W3C home > Mailing lists > Public > www-style@w3.org > December 2002

Re: CSS parser recovery

From: Ian Hickson <ian@hixie.ch>
Date: Sat, 14 Dec 2002 09:50:29 +0000 (GMT)
To: Tantek Çelik <tantek@cs.stanford.edu>
Cc: "www style w3.org" <www-style@w3.org>
Message-ID: <Pine.LNX.4.21.0212140937380.21095-100000@dhalsim.dreamhost.com>

On Sat, 14 Dec 2002, Tantek Çelik wrote:
>> We already know the syntax isn't valid,
> 
> Not true.  We know that the portion up to the property _is_valid_, that's
> why we're following the specific rules for parsing declarations, rather than
> the rules for parsing unknown @rules (and certainly not the rules for
> parsing unknown values).

I don't see why those rules would be different. (And I disagree that the
spec says that they are: the bits you quote seem to me to be saying "this
is what you should write" not "this is what you should parse".)

If you read the part of the spec you quoted and ignore the generic
definition of "block" then the CSS we are talking about,

    a { b { c } }

...is unpareasble, because after "b" the only allowed token is a colon.

Since it isn't a colon, you know the sheet isn't valid, and you fall back
on the generic syntax.


> The specific rules for parsing a declaration block override the generic
> rules for parsing a block. 

Even if they did, they don't cover this case.

But I don't think they do, I think they are merely a superset.

Otherwise, you end up with the situation where the following:

   @foo { a { b: c; } }

...is one block, but the following:

   Ofoo { a { b: c; } }

...is a block followed by an unexpected '}' token.

And I cannot see any way that that is desirable.
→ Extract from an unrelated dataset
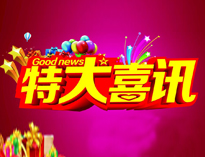 特大喜訊|午夜影院污在线观看全資子公司東風廚具門店喜遷新址！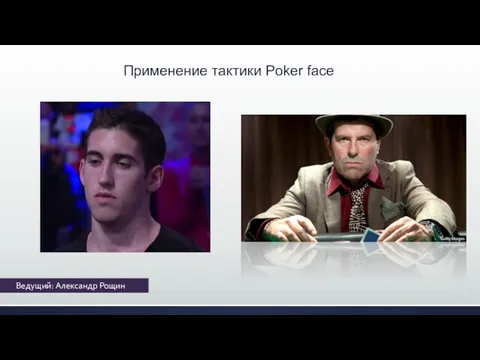 Ведущий: Александр Рощин Применение тактики Poker face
Also, your way makes it impossible for us to extend CSS to allow blocks on
the property side, as in:

   h1 {
    font-size { minimum, preferred, maximum }: 9px, 16px, 72px;
   }

...or whatever.


> And in a declaration block a property is an identifier which cannot
> contain a block

Well of course an identifier cannot _contain_ a block. But it can be
followed by one, that just means the stylesheet isn't a CSS1-only
stylesheet, and everything up to the end of the declaration, passing all
nested brackets, braces, parenthesis and treating quotes as delimiting
strings, should be ignored.


> and thus the open brace following the property name simply causes the
> declaration to be ignored, without opening a block.

I don't see any reasoning for that conclusion in the spec. Nowhere does it
mention ignoring a brace. It goes to great lengths to say that braces have
to nest correctly, in fact.

-- 
Ian Hickson                                      )\._.,--....,'``.    fL
"meow"                                          /,   _.. \   _\  ;`._ ,.